After the initial $1 increase that occurred between 2013 and 2014, the minimum wage was automatically increased from $8.25 to $8.38 in 2015, thanks to the constitution’s inflation clause. But no increase in inflation was measured between 2014 and 2015, meaning the rate remained at $8.38 for all of 2016.

The minimum wage increased again at the start of 2017 due to a rise in inflation, going from $8.38 to the current rate of $8.44. And the 16-cent increase that’s in store for the start of 2018 will be the largest inflationary adjustment to occur since the constitutional amendment was approved in 2013.

In all, the minimum wage is up nearly 19 percent since the state constitution was amended in 2013.

The rising minimum wage was welcomed by New Jersey Policy Perspective, a liberal think tank that has been advocating for higher wages for low-income workers, including legislation calling for a phased-in increase to $15. But analyst Brandon McKoy pointed to challenges that low-wage workers still face in New Jersey when making less than $18,000, which is only slightly higher than the federal government’s definition of poverty for a two-person household. An analysis of the state’s housing market by the National Low Income Housing Coalition also indicates workers need to earn at least $27.31 an hour this year to be able to afford to rent the average two-bedroom housing in New Jersey.

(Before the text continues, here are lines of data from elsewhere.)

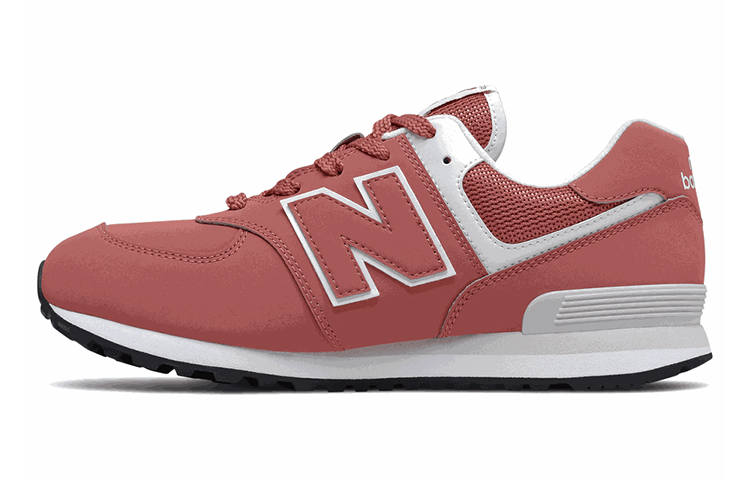 New Balance New Balance NB 574 Kids' Casual Shoes Grade School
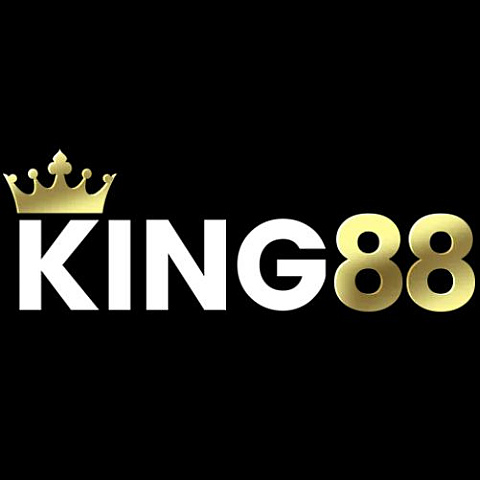 kking88vip fotka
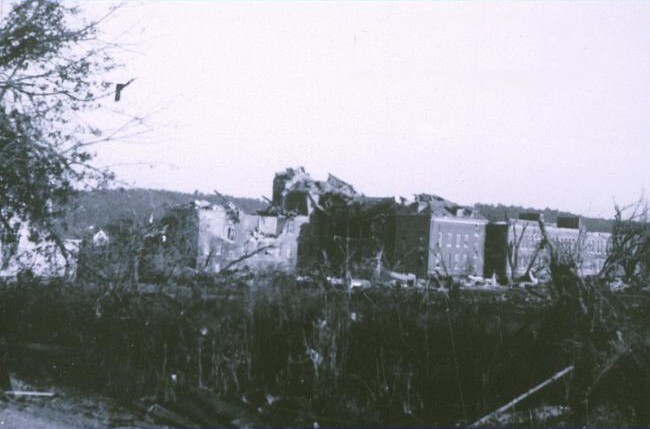 Worcester_tornado_damage.jpg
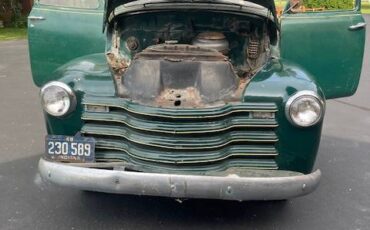 Chevrolet-1948-green-5
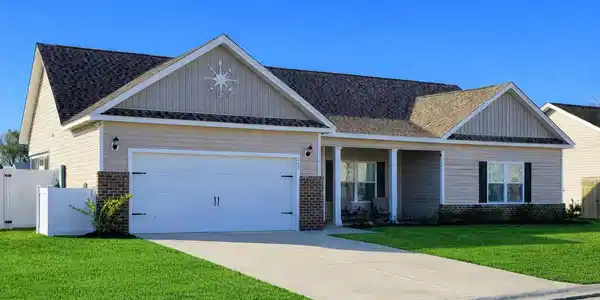 267 Lifestyle Court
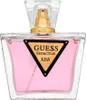 Guess Seductive Kiss woda toaletowa dla kobiet 75 ml Podgląd zdjęcia produktu 1
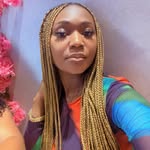 Mary Peter - @marypeter111 - Instagram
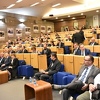 Poslodavci predlažu: Naknade plaće za vrijeme bolovanja smanjiti sa 42 na 15 dana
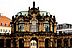 _DSC8885_klein.jpg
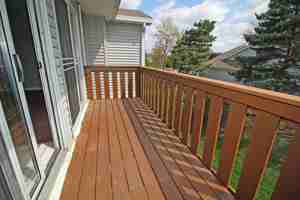 featured image of 346 Wilmington Drive #NA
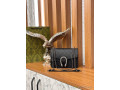 sacs-de-marque-small-2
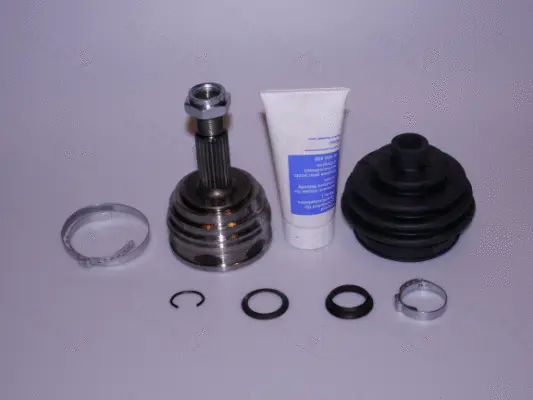 Jeu de joints, arbre de transmission AUTEX 820726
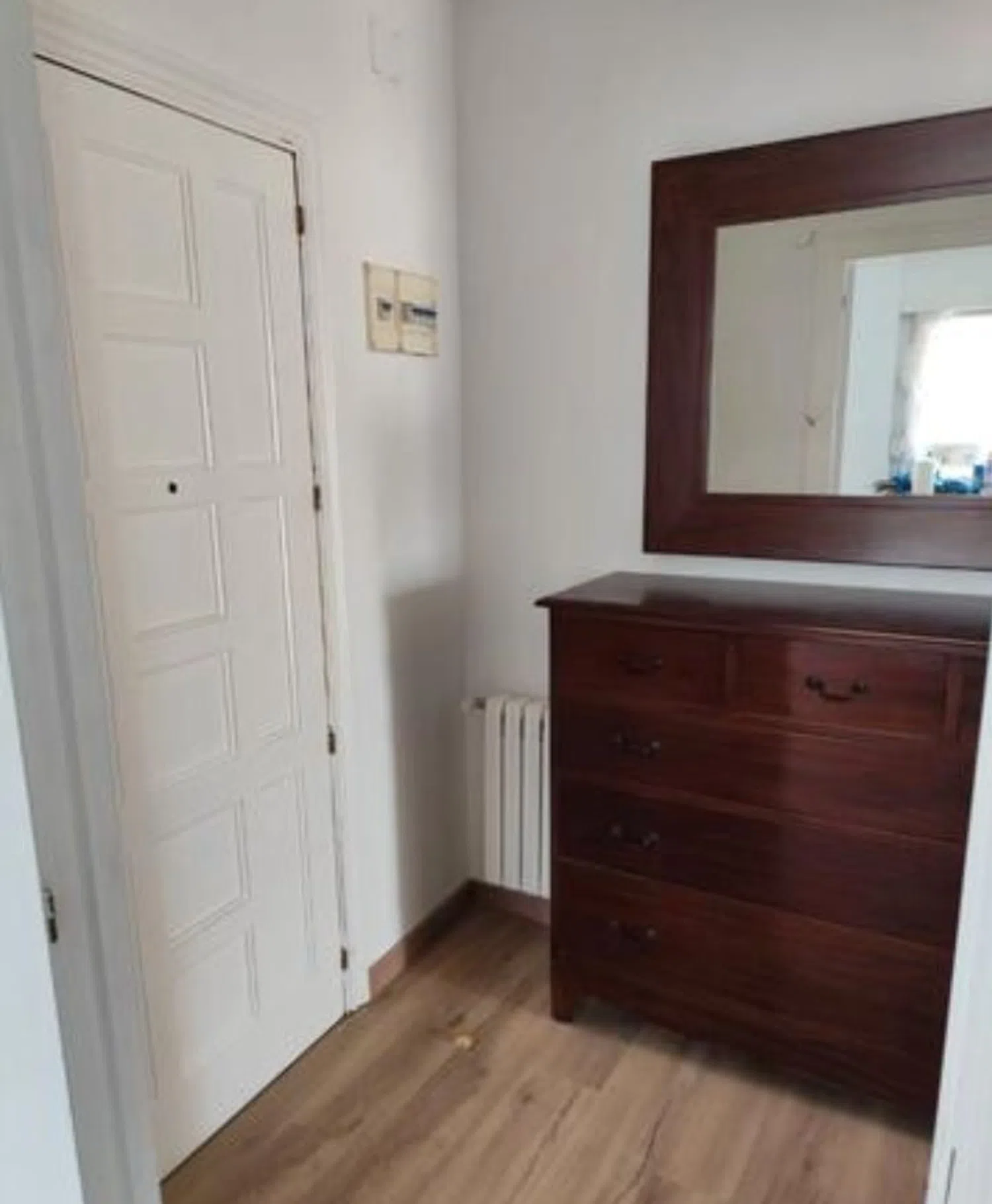 Piso en calle frutos moreno, 2 - Foto 9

“It’s clearer than ever,” McKoy said. “Gradually increasing the minimum wage to $15 an hour is urgently needed to reduce income inequality and help hundreds of thousands of hardworking New Jerseyans afford basic needs for themselves and their families.”

“The sooner elected officials can recognize this need and work together to help our friends and neighbors who are struggling to get by on the current insufficient minimum wage level, the better of all of us — workers, families, and businesses — will be,” McKoy said.

Urging caution

But business leaders in New Jersey have been urging caution amid the push for a $15 minimum wage, saying the discussion should be comprehensive, and include a review of issues like regionalization and workforce development to ensure any wage hike doesn’t end up backfiring and hurting workers and businesses in the long run. And just before the start of 2017, a survey of the members of the New Jersey Business & Industry Association indicated 70 percent were already planning to give their workers at all wage levels raises as they expected increased sales and profits.

Michele Siekerka, NJBIA’s president and chief executive officer, suggested the purpose of the 2013 constitutional amendment was to make sure the wage floor would go up when the consumer price index indicated the economy was strong enough for businesses to be able to take on the higher costs associated with increasing wages.

“When the CPI increases, it means the state is stable enough for a commensurate increase,” Siekerka said. “That slow and steady rise is a big key to allowing businesses to be prepared for it and to absorb the increase.”